What is required
The records below are to be returned word for word, with pictures left out.
-- Given data follows --
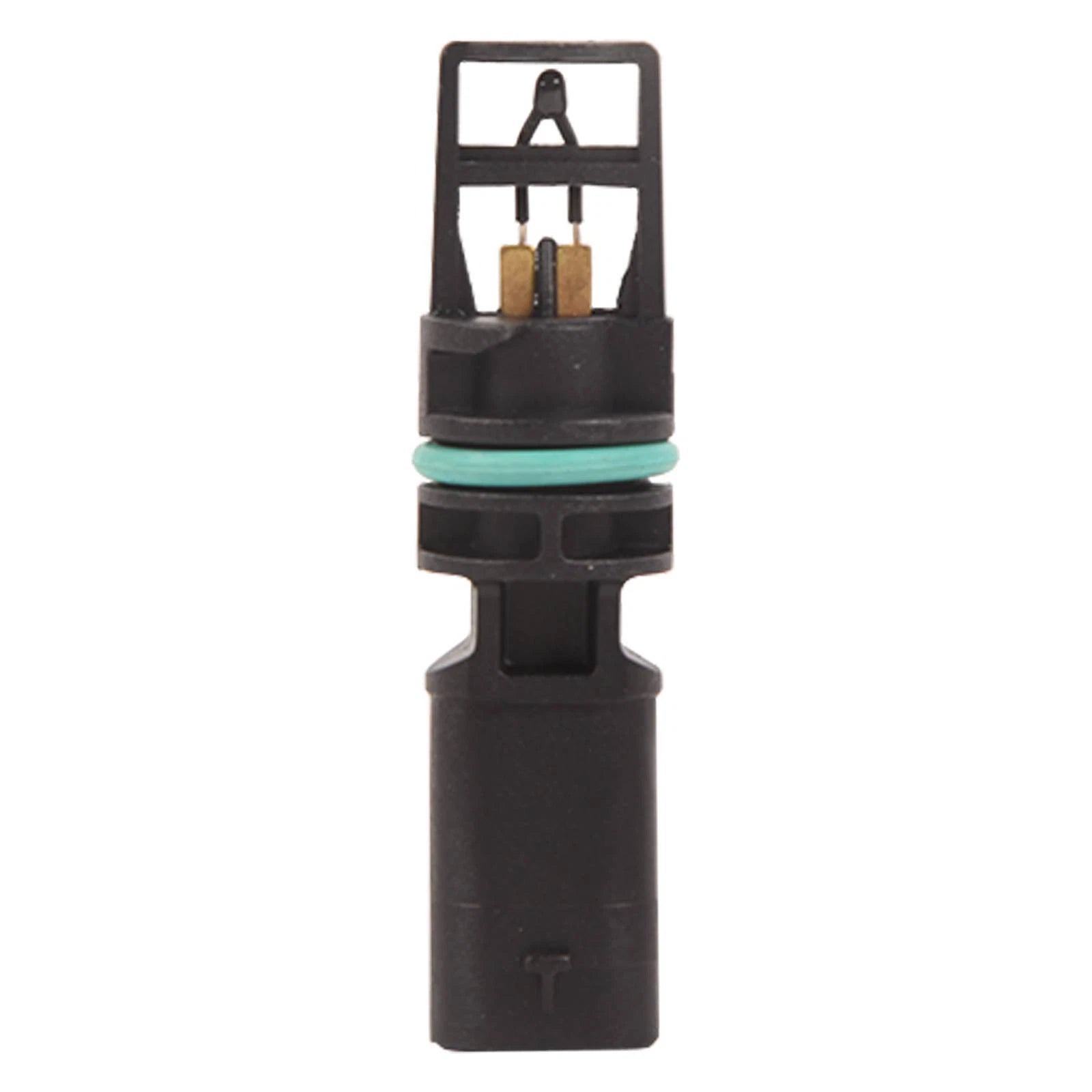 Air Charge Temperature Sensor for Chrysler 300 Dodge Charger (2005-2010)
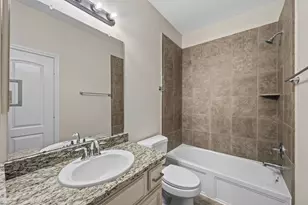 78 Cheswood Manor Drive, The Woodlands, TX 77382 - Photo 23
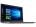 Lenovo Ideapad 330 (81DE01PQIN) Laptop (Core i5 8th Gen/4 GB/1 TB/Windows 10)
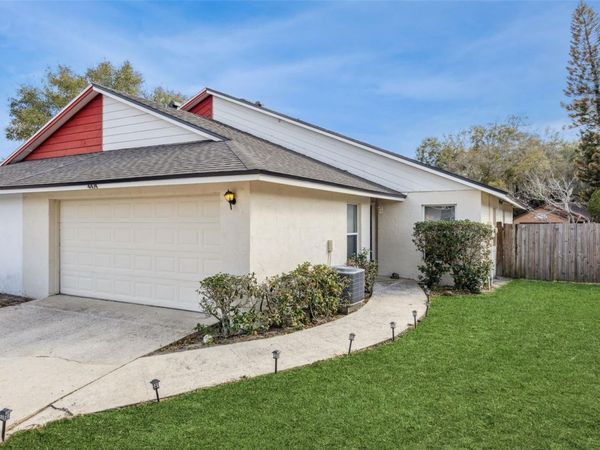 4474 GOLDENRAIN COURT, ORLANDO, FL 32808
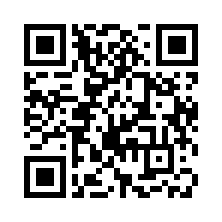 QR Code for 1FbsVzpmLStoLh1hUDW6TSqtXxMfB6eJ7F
-- Given data concluded --
Exercise result
 Air Charge Temperature Sensor for Chrysler 300 Dodge Charger (2005-2010)
 78 Cheswood Manor Drive, The Woodlands, TX 77382 - Photo 23
 Lenovo Ideapad 330 (81DE01PQIN) Laptop (Core i5 8th Gen/4 GB/1 TB/Windows 10)
 4474 GOLDENRAIN COURT, ORLANDO, FL 32808
 QR Code for 1FbsVzpmLStoLh1hUDW6TSqtXxMfB6eJ7F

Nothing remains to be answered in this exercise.